# Vermont MTB Festival...



## JD (May 19, 2009)

Epic trips to Vermont aren't just for winter.  Tons of great riding in Northern and central VT.   This is a great opportunity to come on up and get guided tours of some of the best riding on the East Coast.  If you only come to VT to ride the Kingdom trails, come check out the fest and see what the locals ride.  
http://www.vermontmountainbikefestival.com/


----------



## bvibert (May 24, 2009)

Sounds like a good time.  Are you going JD?


----------



## JD (May 24, 2009)

I live here.....Prolly be leading a Millstone ride and joining on on a Waterbury ride.


----------



## mlctvt (May 25, 2009)

My wife and i will be in Southern Vt next weekend for some seriously hilly road riding then on to the TourDe Kingdom organized road event for June 6 and 7th. 
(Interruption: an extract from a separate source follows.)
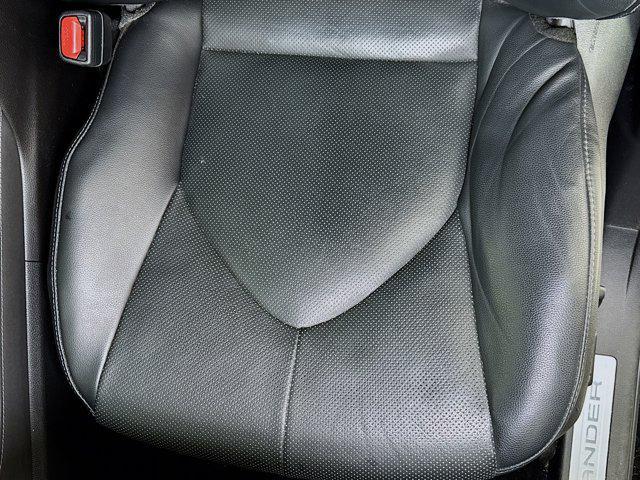 Photo of 2022 Midnight Black Metallic Toyota Highlander Hybrid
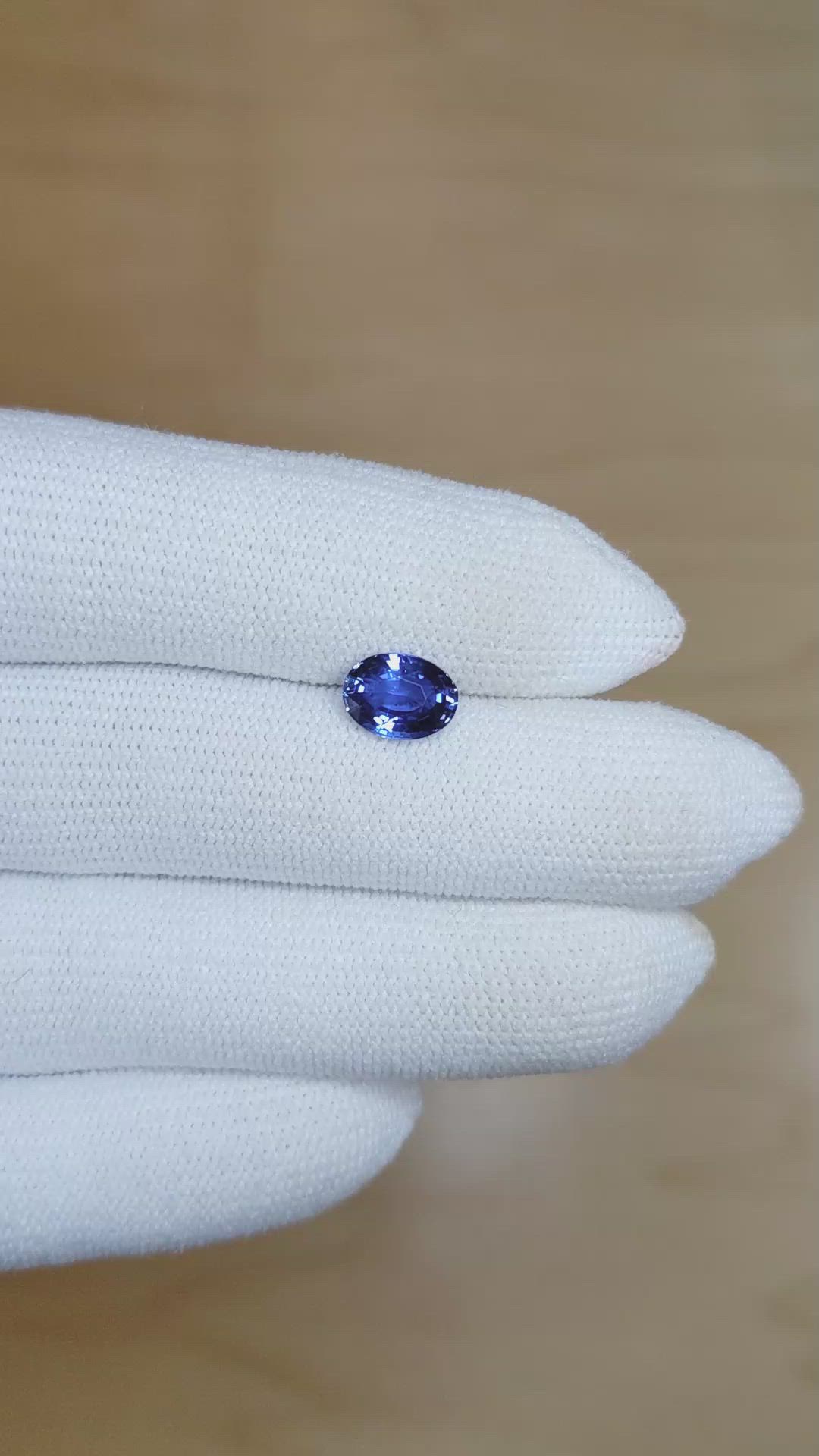 1.72 Ct. Blue Sapphire from Ceylon (Sri Lanka) Size Video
http://www.tourdekingdom.org/

Sunday's 101 mile ride goes up Route 105 by Jay Peak. The last time I rode this route I did 55MPH on the descent going east. Since this is an organized ride I'll probably take it easy this time.


----------



## tjf67 (May 26, 2009)

I think I have a group together to come over.     Should be a good weekend.  As if any are not.


----------